ISBN: 1-56980-508-3
Brigade Books: 232 pgs.
Image Courtesy of Amazon
In Pickett’s Charge: The Untold Story, Bruce Mowday brings us an outlook onto a section of the battlefield which has been written about over and over again. He brings us the Union side of the engagement and does so through the eyes of Alexander Webb.
Mr. Mowday is an accomplished author and journalist who has authored more than thirteen books, many of which are pictoral histories of towns surrounding Southern Pennsylvania. He is also an award winning journalist and lives in Chester County, Pennsylvania.
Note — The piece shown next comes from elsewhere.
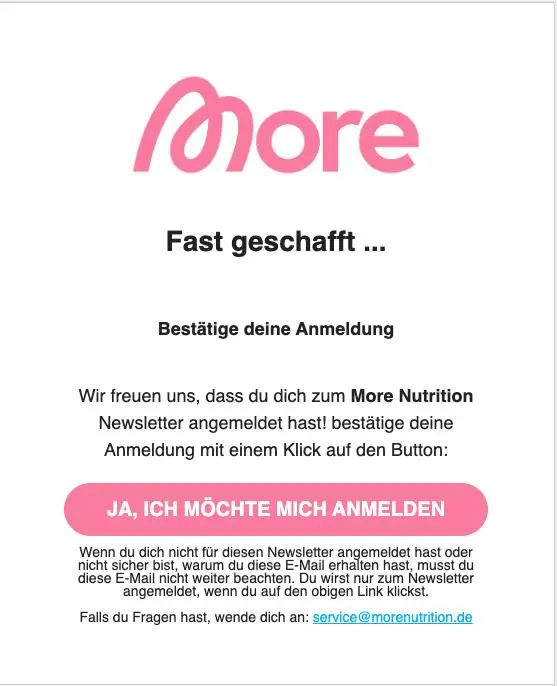 Bestätigungsmail von More Nutrition mit Logo und Button zur Anmeldung. Text fordert zur Bestätigung der Newsletter-Anmeldung auf.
Mowday’s work really is the first step in a larger world where he goes up against some of the most respected historians of this fateful event such as Earl J. Hess and Carol Reardon. What Mowday has done in this case, however, is brought us a work which should be read as one of the first books a person reads on the Battle of Gettysburg. There are some major flaws in both design and writing. The first is that since Mowday is a journalist, he writes like a journalist which leads to many short sections and bits of information which leaves the reader wanting more. Also, because he is giving us the Union side of the charge, we do not have any of the planning or mindset of the Confederate end of the battle. The planning of the Confederate assault is crucial even if you are only writing a Union perspective on the charge. This makes the book very one sided toward the Union and while there is merit in doing that, the reader has no idea behind the charge from the attacker’s point of view. We get a rather intense account of the defense of Cemetery Ridge instead of an account of the attackers and defenders. Also, due to his journalistic background, Mowday states in every other paragraph where he found the information. This should be easily footnoted, but it is brought to the attention to the reader in the paragraph. The major design flaw of the book is the large print and the margins. It seemed as though the margins in this book were an inch and a half on all sides and the print was fourteen sized font. This leads many readers to believe that the publisher is “beefing” the book up in order to make the price higher. What looks like a two hundred page study ends up being approximately twenty-thousand words stretched out over these amount of pages.
This is Mr. Mowday’s first escapade into the American Civil War and the Battle of Gettysburg. As stated before, this should be one of the first books read about the battle to get people interested in the battle, but nothing new is presented here which would behoove the Gettysburg student or scholar to pick this up immediately. I do hope that Mowday attempts to write another Civil War book but on another section of the battlefield and with both sides of the conflict instead of just the Union side.